[Premier League] Paradoxale Activité à Brighton, scénarisé par Graham Potter

12 points en 6 matches. Jamais les Seagulls n’avaient plané sur une telle dynamique depuis la venue de Graham Potter. L’élégante méthode du coach anglais a enfin payé mais Crystal Palace et West Bromwich sont venus couper court à l’euphorie. Brighton ne pointe encore qu’à la 16ème place. Ambitieux, rarement récompensé et jamais régulier, le club flirte avec une malchance scandaleuse. Cap sur une saison paradoxale, entre expected points, poteaux, jeu flamboyant et running gag.

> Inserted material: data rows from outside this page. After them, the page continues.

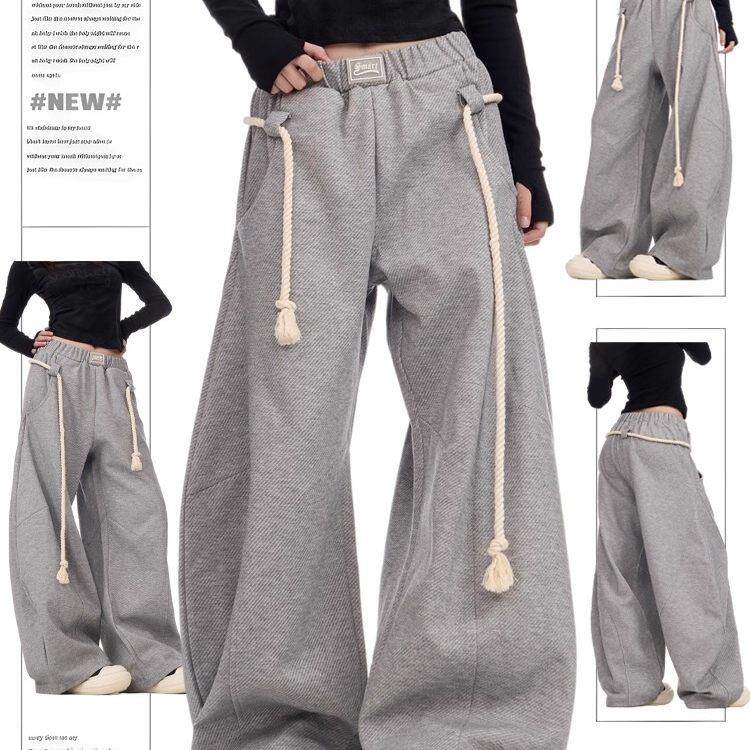 米兰风MDCW灰色运动裤阔腿裤女秋季新款宽松休闲裤卫裤直筒弯刀裤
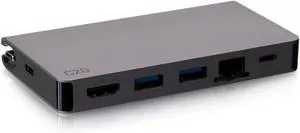 C2G USB-C® 5-in-1 Compact Dock with HDMI®, 2X USB-A, Ethernet, and USB-C Power Delivery up to 100W - 4K 30Hz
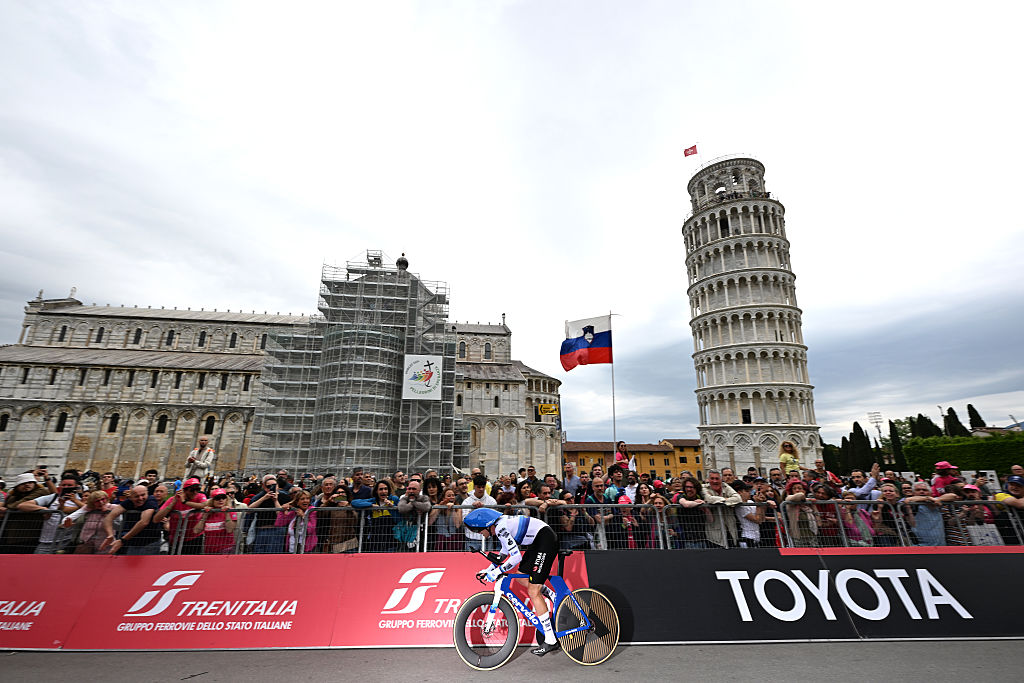 PISA ITALY MAY 20 Edoardo Affini of Italy and Team Visma Lease a Bike competes with the Tower of Pisa in the background during the 108th Giro dItalia 2025 Stage 10 a 286km individual time trial stage from Lucca to Pisa UCIWT on May 20 2025 in Pisa Italy Photo by Tim de WaeleGetty Images
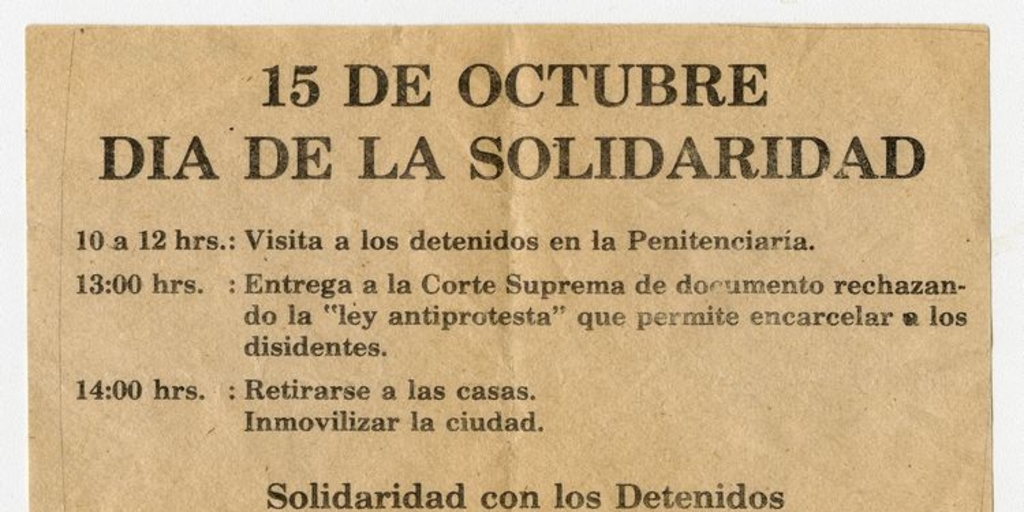 15 de octubre : Día de la solidaridad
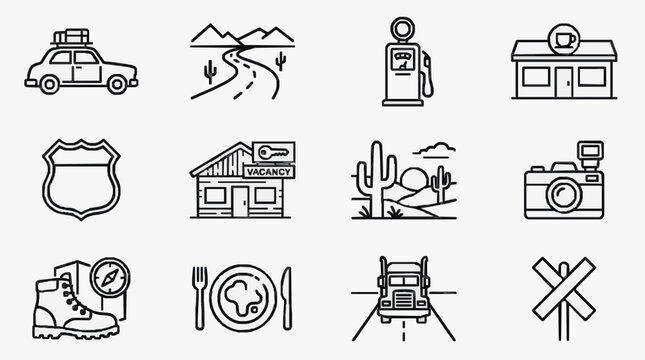 Professional Road Trip and Desert Adventure Icons Collection for Travel Planning and Exploration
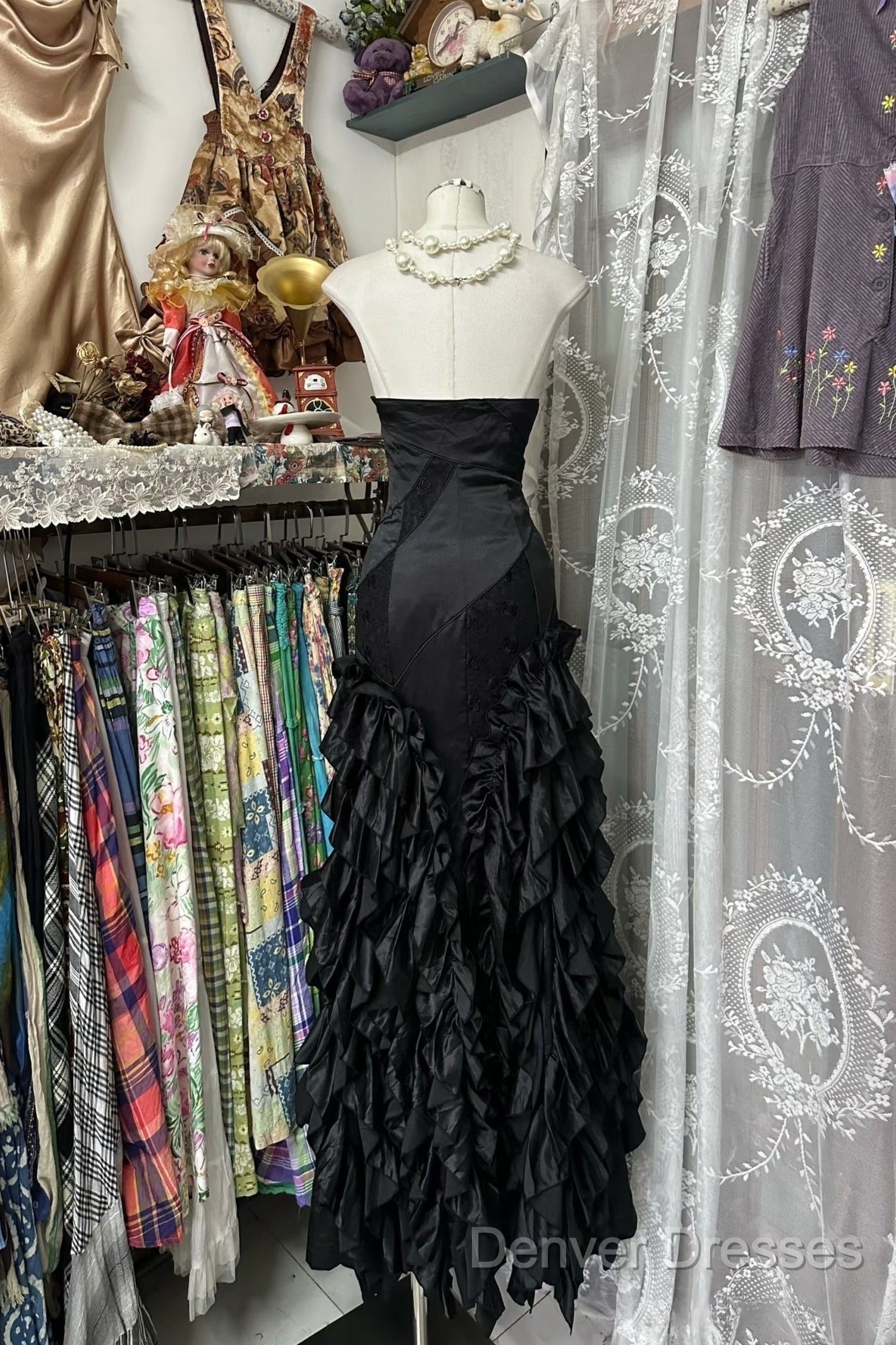 Vintage Fashion Mermaid Sweetheart Black Floor Length Evening Dress Prom Dress Secondary image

En Premier League, la tradition est d’embaucher un pompier courageux afin de se maintenir. Du bloc bac et des contres, de la sueur et des tacles. Audacieux, Brighton mise sur un pompier de luxe. Son attirail : un casque lustré, une combinaison sur mesure et une échelle solide pour transpercer le plafond de BHA (Brighton & Hove Albion, ndlr). Recruté à l’été 2019, Graham Potter n’a pas seulement pour ordre de survivre en PL à coup de massages cardiaques. Non, à terme, les Seagulls veulent se stabiliser plus haut. Et pour ce faire, Potter se base sur des plans d’intervention raffinés. Seulement, dans sa panoplie de pompier parfait, Graham possède un encombrant objet. Un miroir qui transforme jeu harmonieux et grosses occasions en une maigre récolte de points.

Échecs et maths

Les phénomènes de mode, vous connaissez ? Comme commencer à jouer aux échecs après avoir regardé une héroïne rousse, surdouée et accro aux pilules faire un carton sur Netflix. En Angleterre, c’est Potter qui joue aux échecs et les pilules, ce sont les supporters de Brighton qui les avalent à longueur de week-end. Une malchance à l’origine d’un autre phénomène de mode : se payer les Seagulls sur les réseaux sociaux en comparant les résultats réels de leurs matches avec ceux obtenus via les expected goals.

Brighton est actuellement 16ème avec 26 points. Selon le classement corrigé des expected points, les joueurs du Sussex «devraient» figurer sur le 4ème siège du championnat. Bien loin de la zone rouge et d’éventuels running gag. Dans la même veine, si Maupay & co n’avaient pas autant vendangé, BHA collectionnerait 41 pions contre 26 à l’heure actuelle. Si ses stats sont à prendre avec recul et ne détiennent pas la vérité d’une saison, elles n’en demeurent pas moins révélatrices.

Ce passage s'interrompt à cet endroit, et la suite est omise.